Closed appunni-m closed 4 years ago
@appunni-dishq Thanks for using Sagemaker and providing us feedback. We kept the serving and training support together because the limitation of our current design. Our out of the box containers have training and serving functionalities bundles and it's awkward/impossible to use different containers for training and serving with our frond end tools including sagemaker-python-sdk and the aws console. That said it's not blocking us from separating the serving and training dependencies here. It's a good idea and we will consider this suggestion and keep you updated.

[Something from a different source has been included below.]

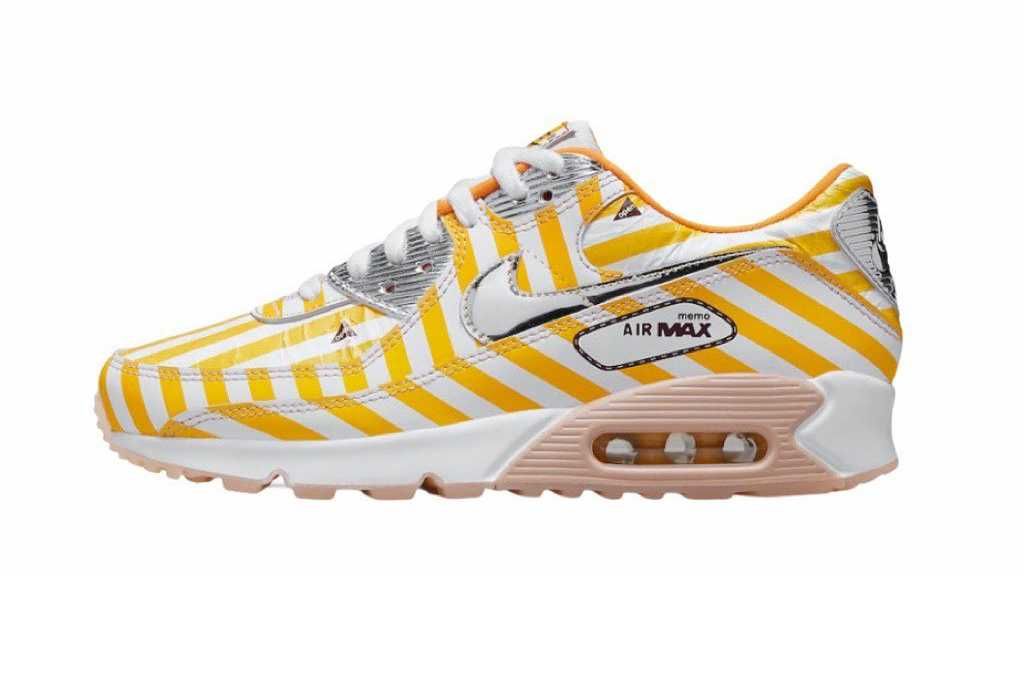 【スニダンで購入可】NIKE AIR MAX 90 SE "SWOOSH MART/CHICKEN" 抽選/定価/販売店舗まとめ 4枚目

As I went through the entire project, I understood the only thing it lacks is a proper documentation. I have already integrated this into our system. I am running inference code only from SageMaker currently. So I believe it has the potential to become a much bigger platform for serving machine learning models in production. I was surprised to see the gunicorn gevent implementation as I was earlier running single-threaded development Flask app in production. Dependency loading was the single most difficult thing I faced in making machine learning APIs. And you have solved it beautifully. I see a lot of potential in just the inference code as it is more important to be able to serve models in production than training and then deploying. I have abstracted away most of the code for creating ECR repository, creating versioning and deployment of endpoint and endpoint lifecycle management in my project. Which reduces cost as we are using these systems to calculate and store than actually serve to a frontend facing client.